Nous nous approchâmes de sa famille.

David Prescott Sr., le patriarche de la famille, me regarda avec une vision douce.

"Emma, toujours aussi ravissante," dit-il en embrassant ma joue avec une précision calculée. "Ta remise de diplôme approche, n'est-ce pas? Quels sont tes projets après?"

Avant que je ne puisse élaborer sur mon plan récent, le téléphone de Nicholas vibra dans sa poche. Puis encore. Et encore.

Son sourire ne faiblit jamais alors qu'il maintenait la conversation, mais ses doigts tressaillirent légèrement à chaque fois.

Après quinze minutes de banalités avec divers parents Prescott, Nicholas vérifia son téléphone et se pencha près de mon oreille.

"Je dois m'absenter un moment—quelques affaires avec des camarades de classe," murmura-t-il, cherchant déjà la sortie du regard. "Ça va aller, toute seule, non?"

Je hochai la tête par réflexe, mon sourire figé en place.
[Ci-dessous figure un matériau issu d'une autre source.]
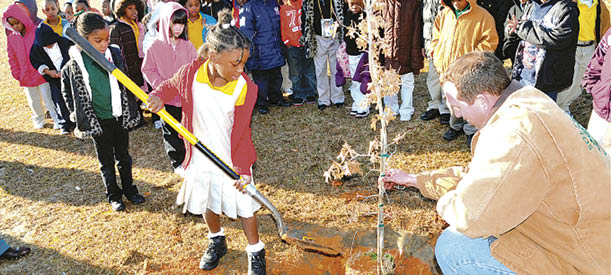 ARBOR DAY---Even though Friday is Arbor Day, the kindegarten classes of Susie Dasher with help from the City of Dublin Tree Board celebrated a day early by planting five oak trees on their school's campus Thursday. Above Susie Dasher student Moani Johnson was first in line to shovel dirt around a tree as Rodney Soles,Tree Board Chairman holds the oak straight.  The live and shumard oaks were supplied by the school and the City of Dublin Tree Board.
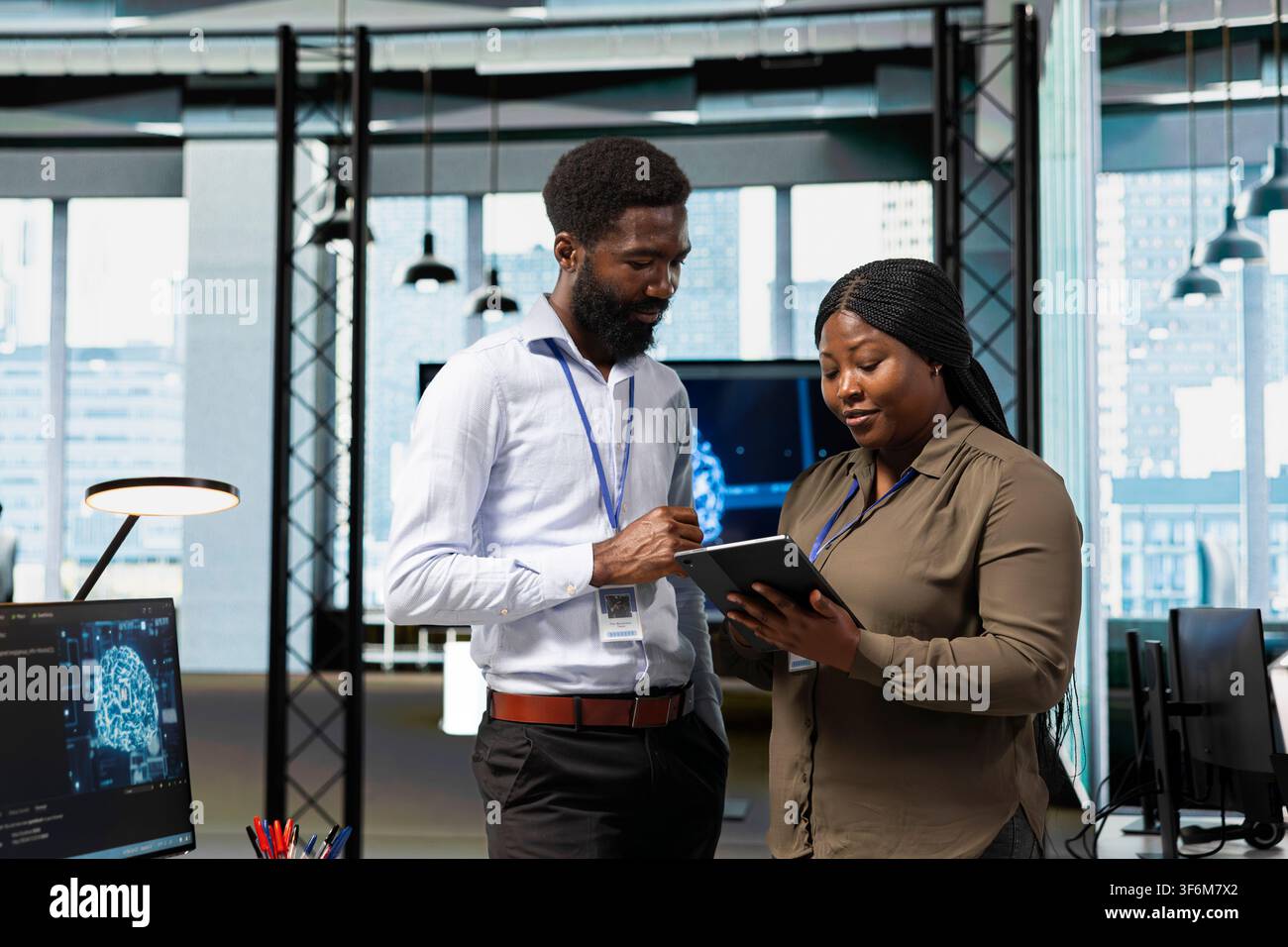 Teamworking engineers in office using AI on device to streamline app development. IT colleagues using tablet to run debugging applications with machine learning technology Stock Photo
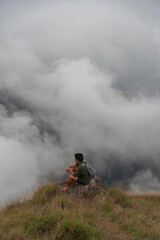 Hiker man enjoying beautiful sunrise in morning mountains. Traveler on mountain with white fog below.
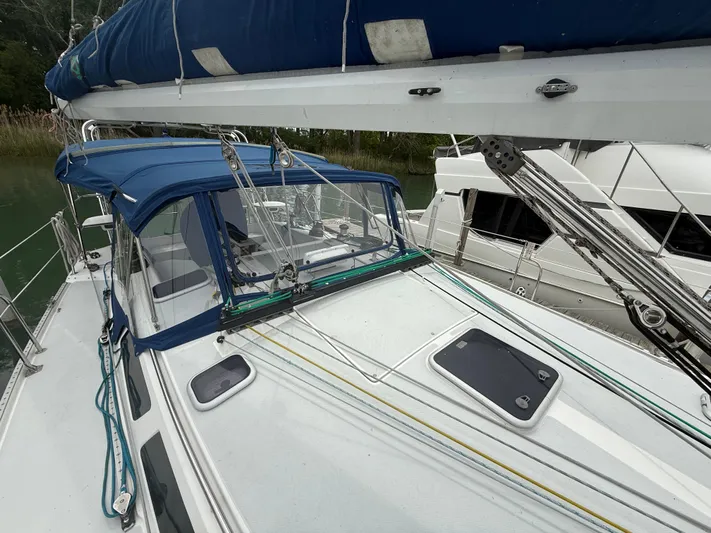 Windquest Yacht Photos Pics 2001 Catalina 42 MkII sailboat with blue canopy and rigging, docked in a marina.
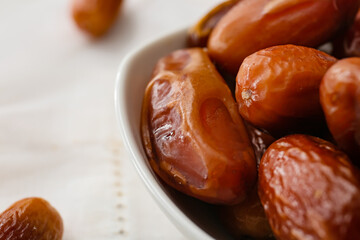 Bowl with sweet dried dates on light background, closeup
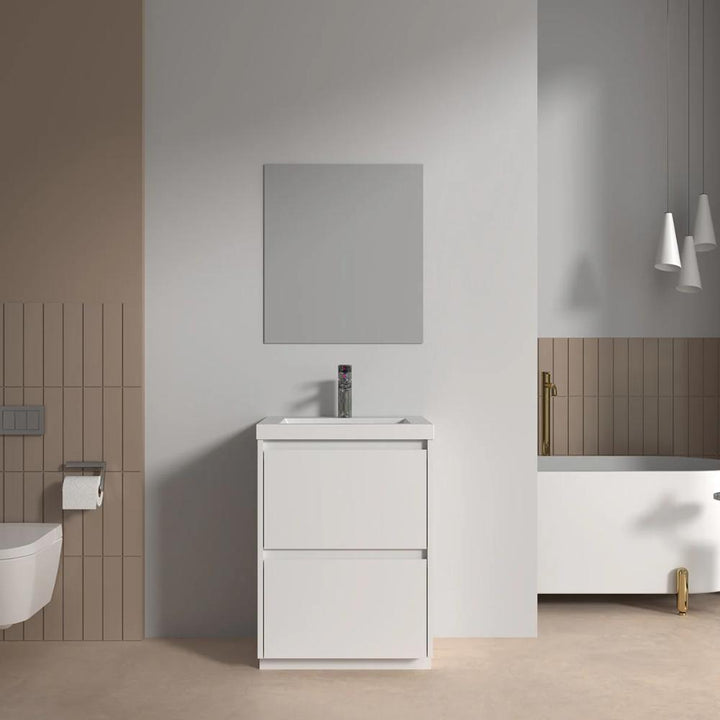 A modern bathroom with neutral tones featuring the Arvia 24 inch Bathroom Vanity with Sink, a square mirror above it, a wall-mounted toilet, plus a bathtub with gold fixtures and pendant lights.
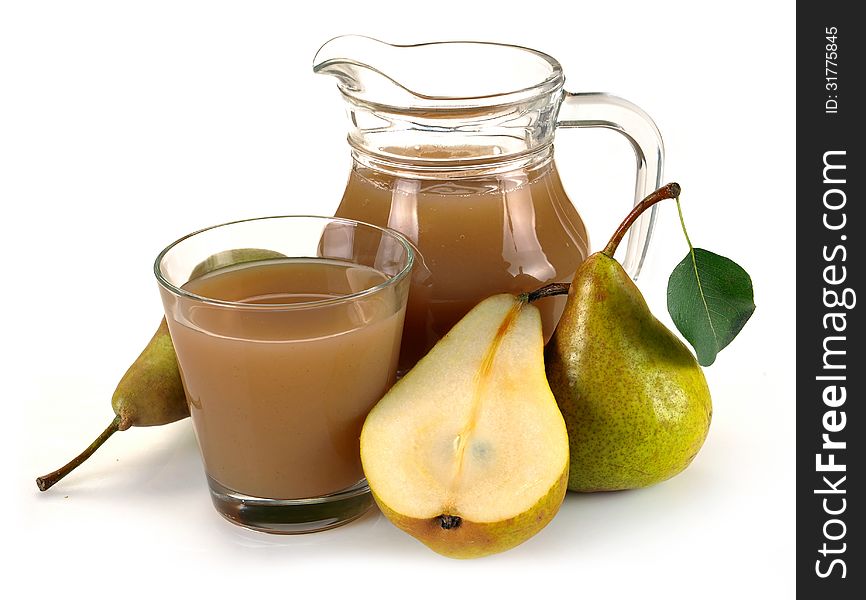 Pear juice in a jug and a glass of fruit. Pear juice in a jug and a glass of fruit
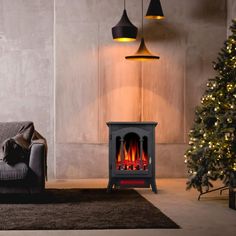 a living room with a couch, fireplace and christmas tree in the corner next to it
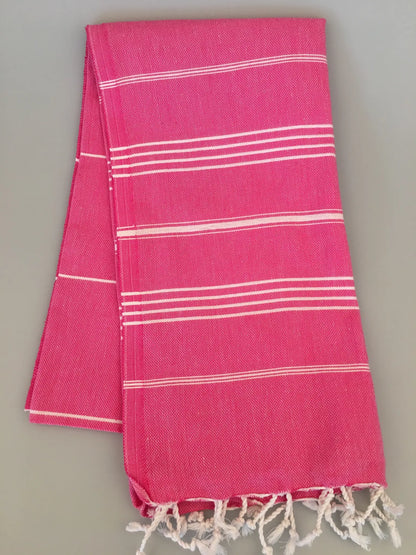 "Pink Turkish towel with white stripes and fringed edges, folded neatly on a gray background."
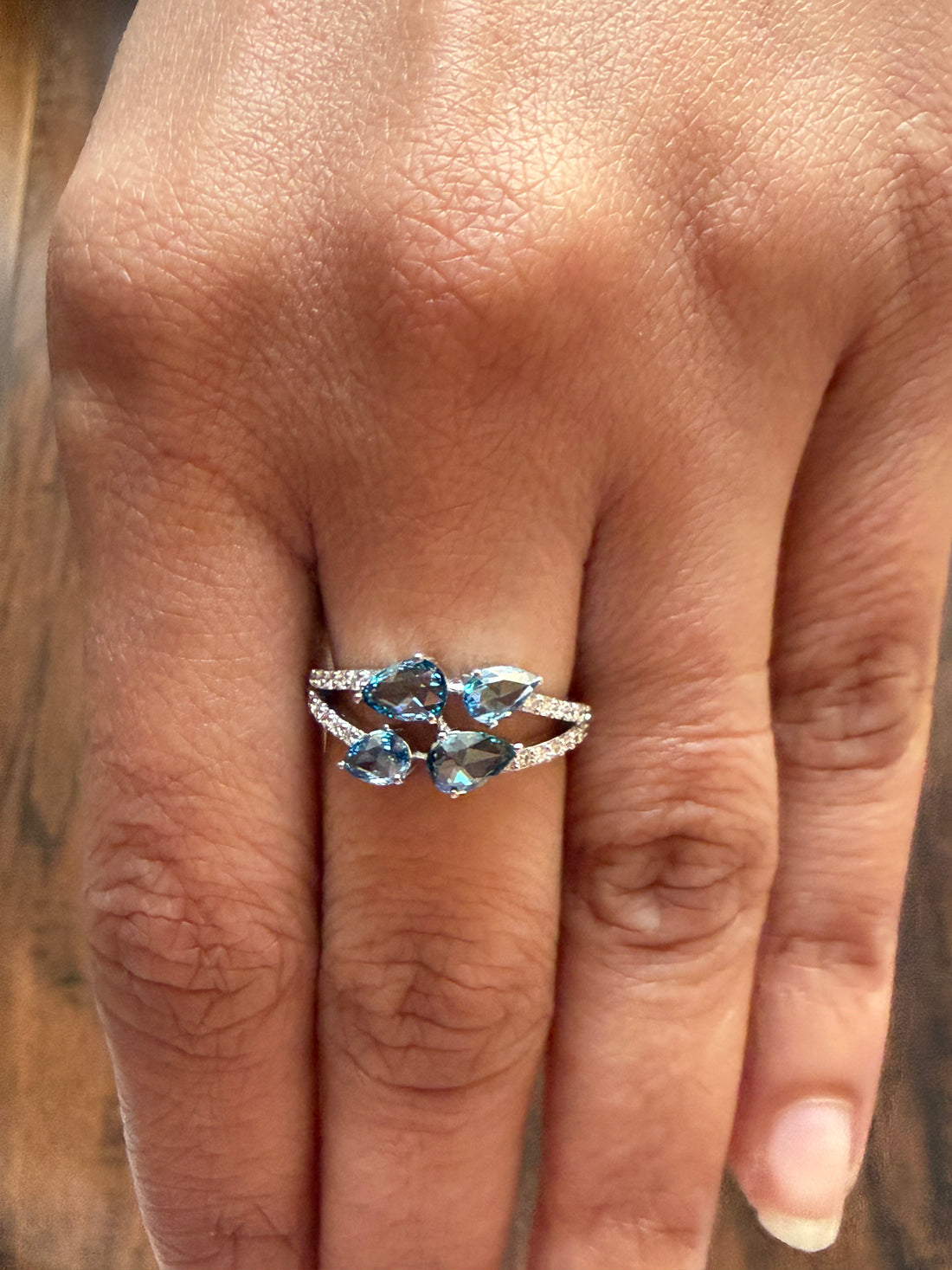 Ring with blue gemstones on a person's finger against a blurred background
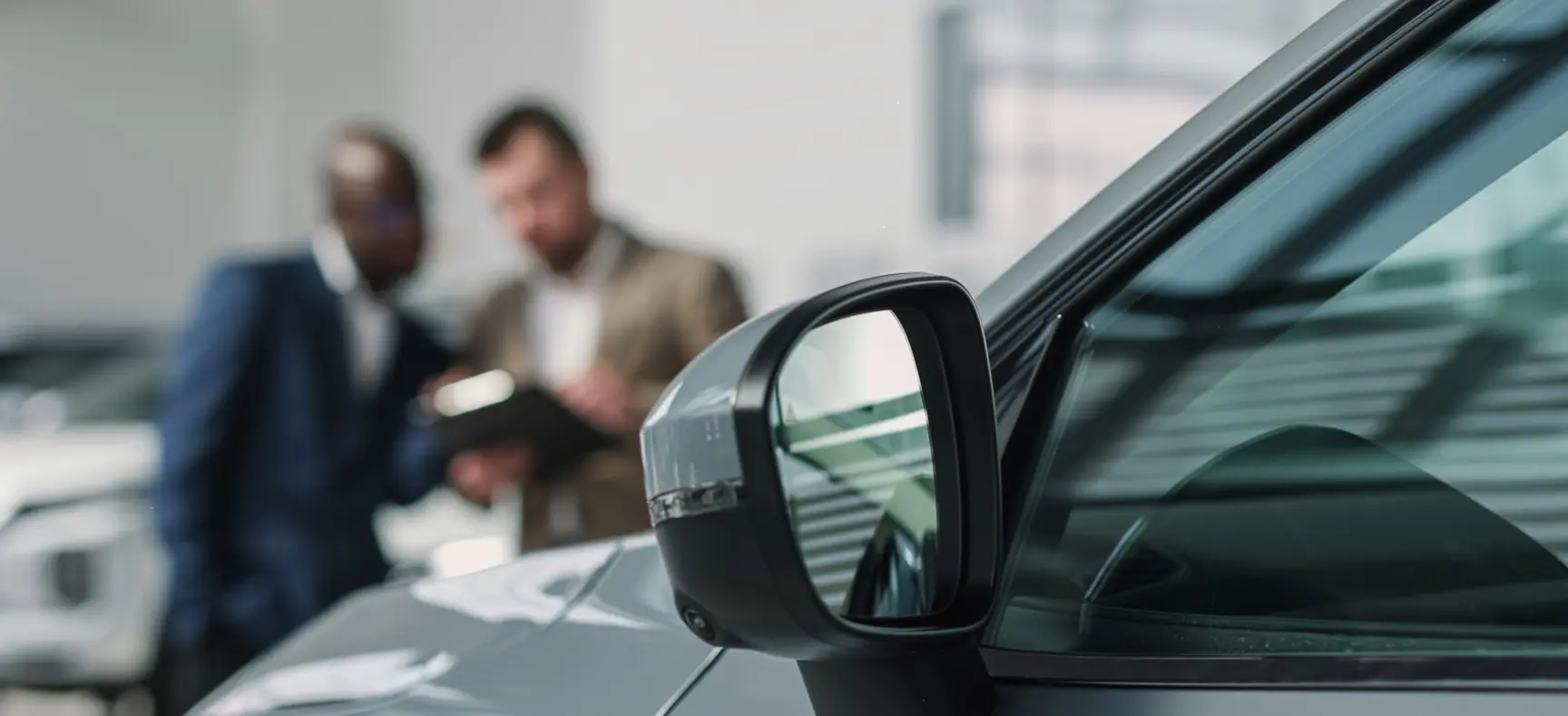 Seitenspiegel eines Autos im Vordergrund, unscharf im Hintergrund zwei Personen im Gespräch.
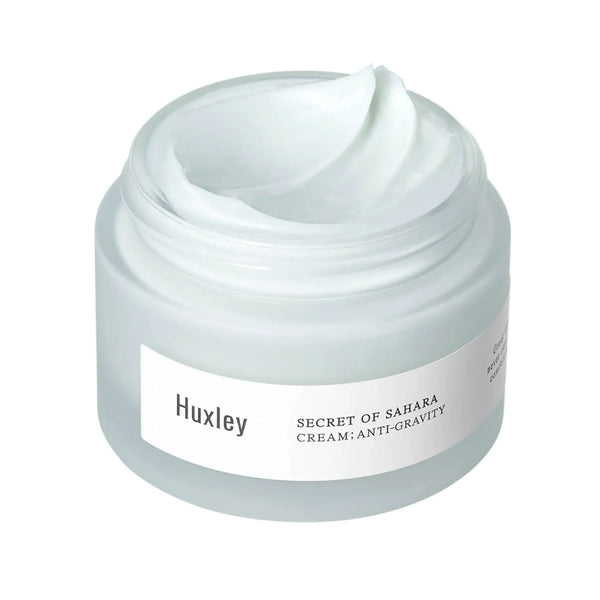 Huxley Cream; Anti-gravity with an open lid showing its contents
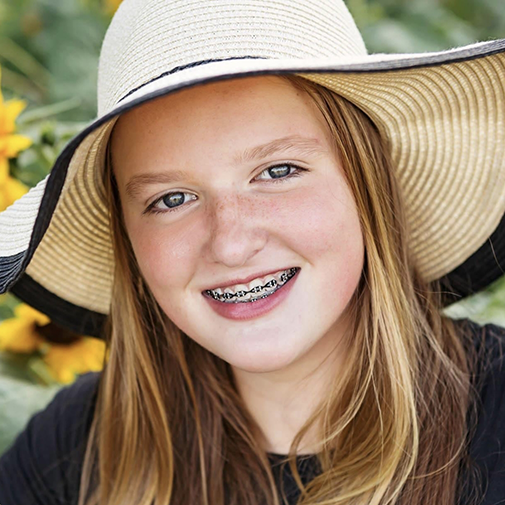 Girl with floppy hat and braces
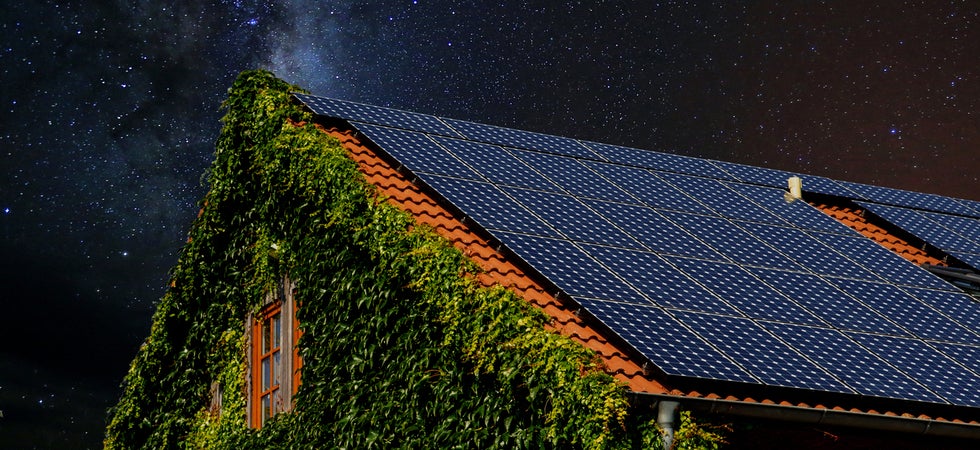 Ein mit Efeu bedektes Haus hat auf dem Dach Solarmodule. Der Sternenhimmel ist klar.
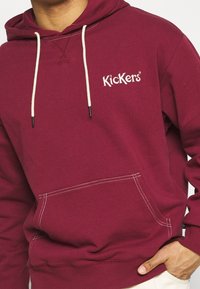 Mann trägt ein weinrotes Kapuzenshirt mit weißen Kordeln und "Kickers"-Logo auf der Brust, die Hand in der vorderen Tasche.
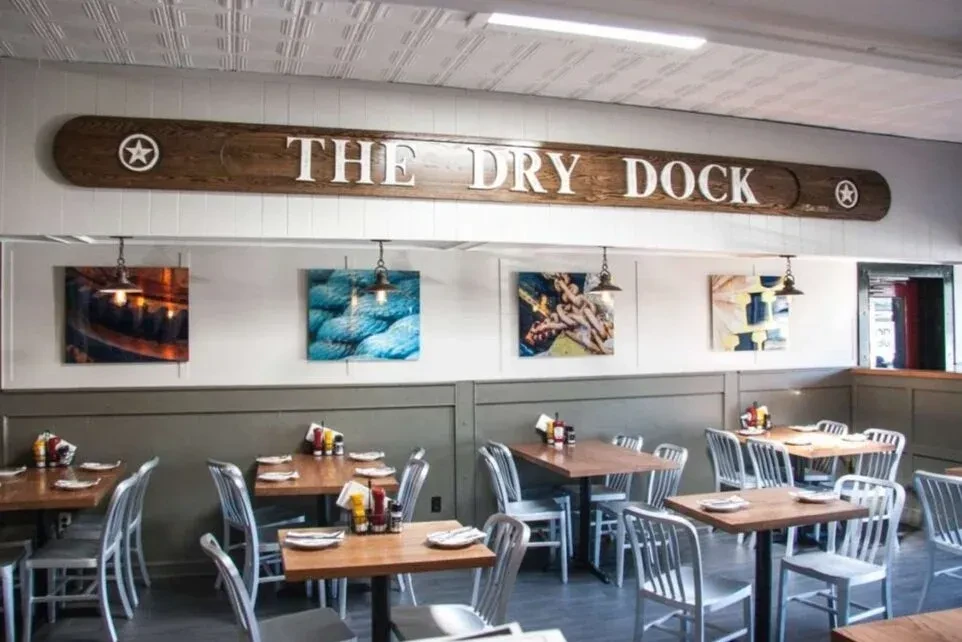 The Dry Dock restaurant with empty tables and nautical-themed decor.
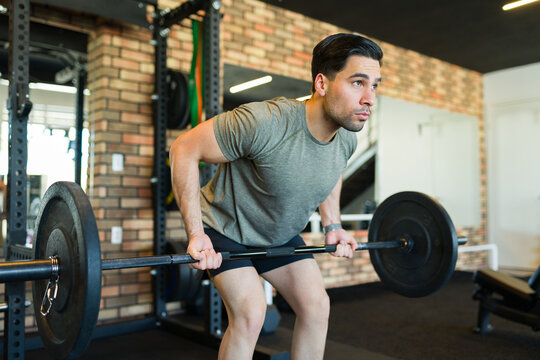 Determined hispanic man lifting a barbell while performing bent-over rows in a modern gym, showcasing strength and dedication to fitness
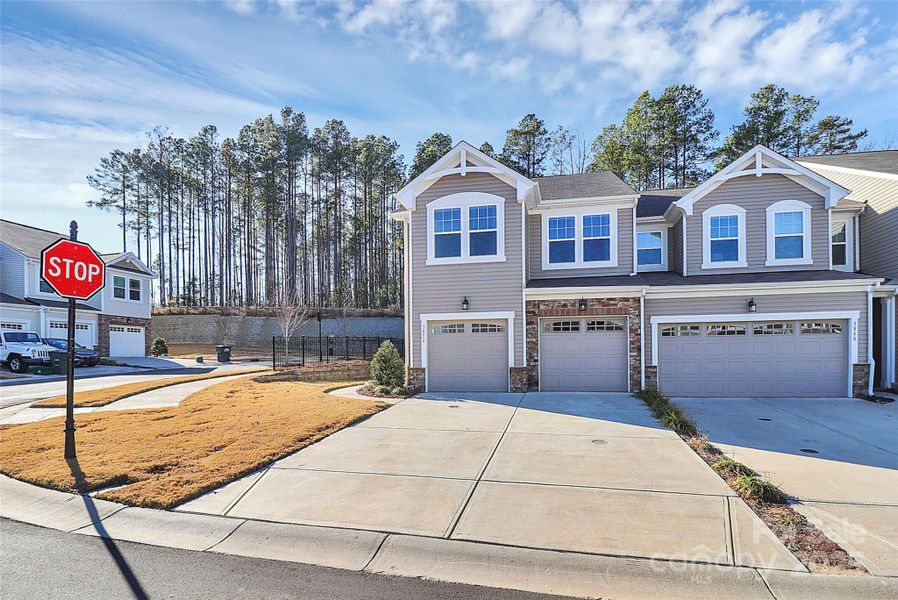 Front exterior of a new home in Somerset, Fort Mill, SC, highlighting curb appeal (Image 1). Front exterior of a new home in Somerset, Fort Mill, SC, highlighting curb appeal (Image 1).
Quel choix avais-je? On ne peut pas retenir quelqu'un déjà à moitié parti. Je regardai son dos s'éloigner alors qu'il naviguait à travers la foule avec une aisance pratiquée, me laissant seule dans une salle pleine de l'élite de Boston.

Prenant une profonde inspiration, je décidai que si j'étais destinée à être abandonnée ici seule, autant profiter de l'hospitalité offerte.

Mais alors que je me retournais, je heurtai un mur solide de costume sombre et de parfum subtil.

Mon excuse mourut sur mes lèvres alors que je reculais, seulement pour être stabilisée par une main douce à mon coude.

"Doucement," dit une voix chaude et douce venant d'en haut.